Пора бы, впрочем, вернуться в МАРХИ. Чем в этой атмосфере сложной чувственной сгущенки занят студент Вознесенский? Акварелью. Учитель, Владимир Георгиевич Бехтеев, следит из-за спины, «как на ватмане расплывается „по-сырому“ мастерски составленный им натюрморт из ананасов, апельсинов и синего с золотом фарфора: „Гармонию не забывайте! Если в левом углу у вас синий, то он должен быть компонентом во всем. Синий вкрапливайте. Не забывайте гамму“».
Бехтеев мало того что бывший царский офицер (увел жену у полкового командира, заметит мимолетно поэт), так еще и как художник — импрессионист. Это, впрочем, не мешало студенту Вознесенскому оценить поэтично воспетые Бехтеевым в акварелях «грациозные смычковые ноги скаковых лошадей и шеи красавиц». Но и это не главное, что заставляло Андрея Андреевича тепло вспоминать об учителе.
Бехтеев познакомил юного студента с Еленой Ефимовной Тагер, давней знакомой Марины Ивановны Цветаевой. Когда-то, в первой же беседе с Андрюшей, Пастернак «обратил» ученика к Цветаевой, вспомнив ее «Версты» в одном ряду с «Пеплом» Андрея Белого. Книг Цветаевой было не найти, их и не издавали, а бережливая Елена Ефимовна хранила множество цветаевских рукописей.
Много лет спустя, году в семидесятом, Тагер вспомнит их первую встречу в письме Вознесенскому:
«Дорогой Андрюша!
Это было давно, очень давно, еще на моей той квартире, на Кисельном. Лет 17 тому назад.
Вы, знавший поэзию Пастернака, совсем не знали Цветаевой. Пришли ко мне за ней.
В маленькой нашей комнатке на громадный отцовский стол я положила все, что у меня было Цветаевой… Было всего много, и „После России“, и поэмы — много.
Я Вас оставила с ней наедине. При себе с Вами не было даже карандаша, Вы ничего не списали. Но Вы постигли ее… За тем же огромным столом, в той комнатушке — у нас работала Марина. И однажды оставила тетрадь… Боже, какая тетрадь! Поиски рифм столбцами.

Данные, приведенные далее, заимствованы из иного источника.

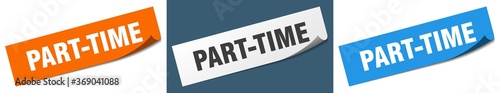 part-time paper peeler sign set. part-time sticker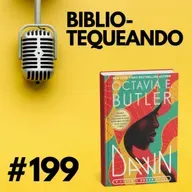 199 – Amanecer de Octavia E. Butler: Consentimiento, poder y una nueva humanidad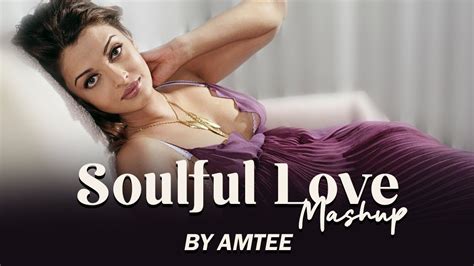 Soulful Love Mashup Amtee Bollywood Lofi Chill Romantic Songs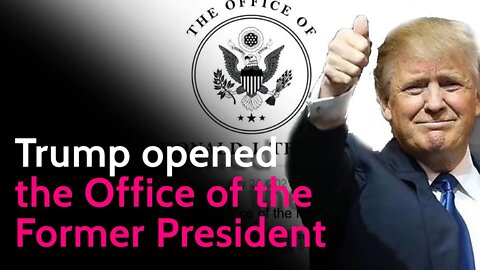 Trump opened the Office of the Former President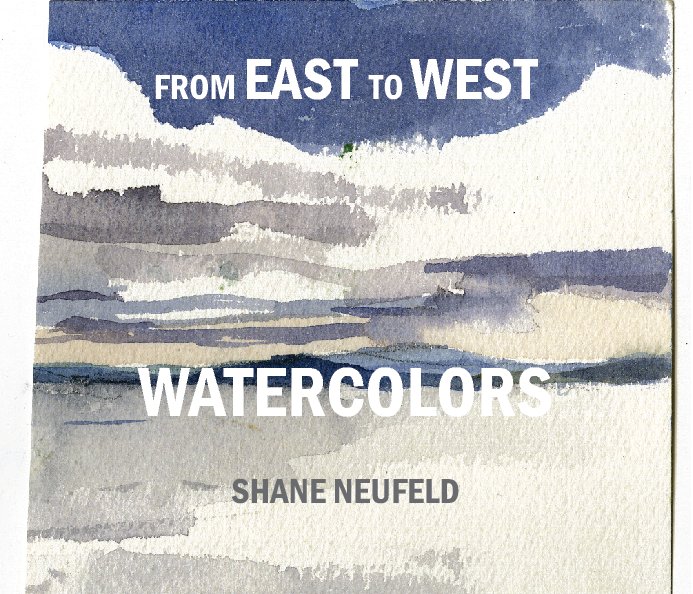 View FROM EAST TO WEST by shane neufeld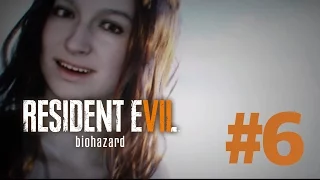 Resident Evil 7: Biohazard стрим - прохождение на русском #6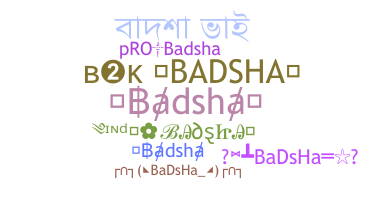 별명 - Badsha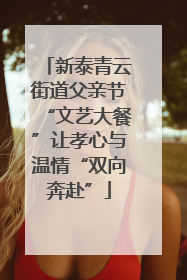 新泰青云街道父亲节“文艺大餐”让孝心与温情“双向奔赴”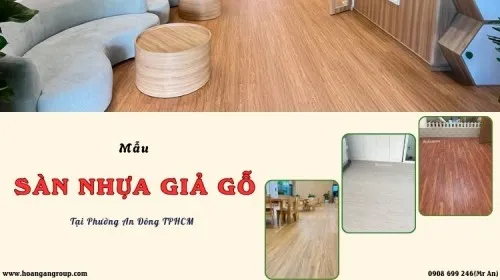 Mẫu Sàn Nhựa Giả Gỗ Được Ưa Chuộng Nhiều Tại Phường An Đông TPHCM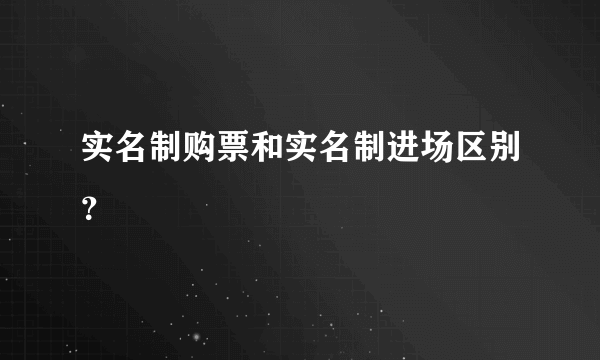 实名制购票和实名制进场区别？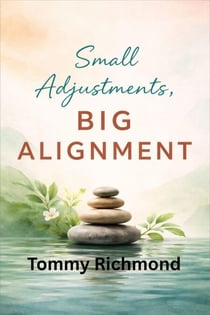 Small Adjustments, Big Alignment - Small Lead Into Big, #50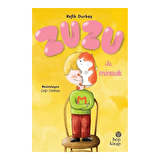 Zuzu ile Minnak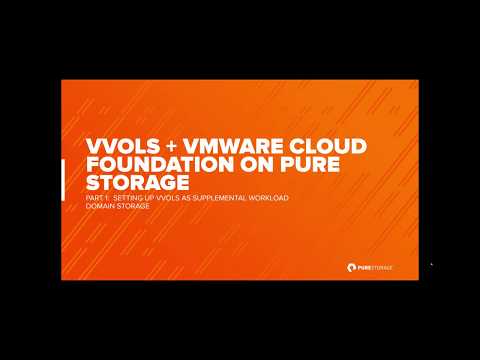 Setting up vVols with Pure Storage and VMware Cloud Foundation
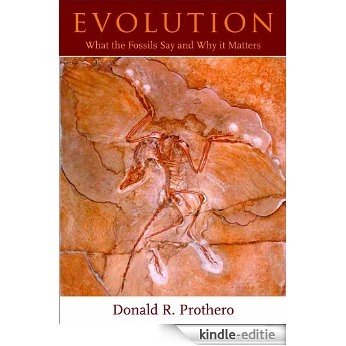 Evolution: What the Fossils Say and Why It Matters [Kindle-editie]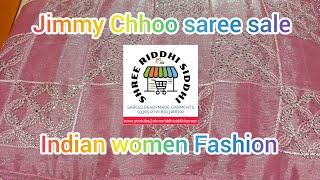 Jimmy Chhoo saree sale Shree Riddhi Siddhi Saree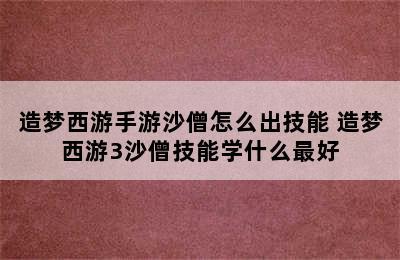 造梦西游手游沙僧怎么出技能 造梦西游3沙僧技能学什么最好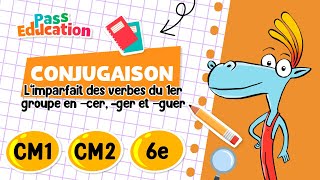 L’imparfait des verbes du 1er groupe en - cer, - ger - guer - Vidéo pédagogique : 4eme, 5eme, 6eme Primaire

Со заметами, сколько сделано: „мизерно, ушло“… И еще заметы о том, что делает поэт. Не смею приводить по памяти. Если приведется, дам Вам посмотреть.
Сейчас, уезжая (я в „Сенеже“, доме творчества художников), передала на хранение в архив Ленинской библиотеки рукописи Цветаевой и Пастернака».